War erupted… Oh, not the kind waged between nations This one, far more ferocious, far more, algorithmically blessed A verbal duel, a digital fuel, a full-blown culinary followers’ fight
From Bengal came Ranu. Calm, yet cunning, Queen of aloo posto, marching strong, with four thousand firmly on her side. Bhanu, from down South, popularised her sambar with vegetables sliced and at thirty-nine hundred, felt deeply troubled. “This simply will not do,” she muttered, “I must outscore her score.”
So up went Bhanu’s spicy rasam on her YouTube channel with drama, spice, and just enough sass. But tucked between the tamarind tang, she made a rather pointed pass: “Ranu’s dish? AI-made, I’d say! I followed it step by step… and yawned my taste away.”
The comment section crackled. Pickle jars nearly popped. Was this a recipe review? Or a subtle character swap?
Ranu read. Her face turned red. No time for grace or pause she posted posto chingri, bold and unapologetic, a dish that would invite no reply from Bhanu, a hard-core herbivorous.
Then, fingers flying, she struck back: “Hmm… that ‘original’ rasam? A sure lift from a Hawkins cookbook, with a pinch of extra seasoning.”

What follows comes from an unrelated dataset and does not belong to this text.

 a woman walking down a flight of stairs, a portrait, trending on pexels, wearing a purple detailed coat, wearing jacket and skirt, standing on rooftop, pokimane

And just like that, every foodie knew Culinary lines had split into two. Between mustard zing and poppy seeds, flavours blurred and egos bruised
YouTubers paused. Then shrugged, half-bored: Is this about food, or nitpicking of some kind One laughed, adding a comment, new “Why trust your tongue? Let AI review.” And there it simmered, seasoned with despair flavour eclipsed by follower flair.
Glossary:
posto – poppy seeds aloo posto – Bengali dish made with potatoes and poppy seed paste posto chingri – Bengali dish made with prawns and poppy seed paste sambar – South Indian lentil-based vegetable curry rasam – South Indian spiced, tangy soup
Snigdha Agrawal (née Banerjee) is the author of five books and a lifelong lover of words, writing across genres. Based in Bangalore, writing and travelling continue to remain her lifelong passions.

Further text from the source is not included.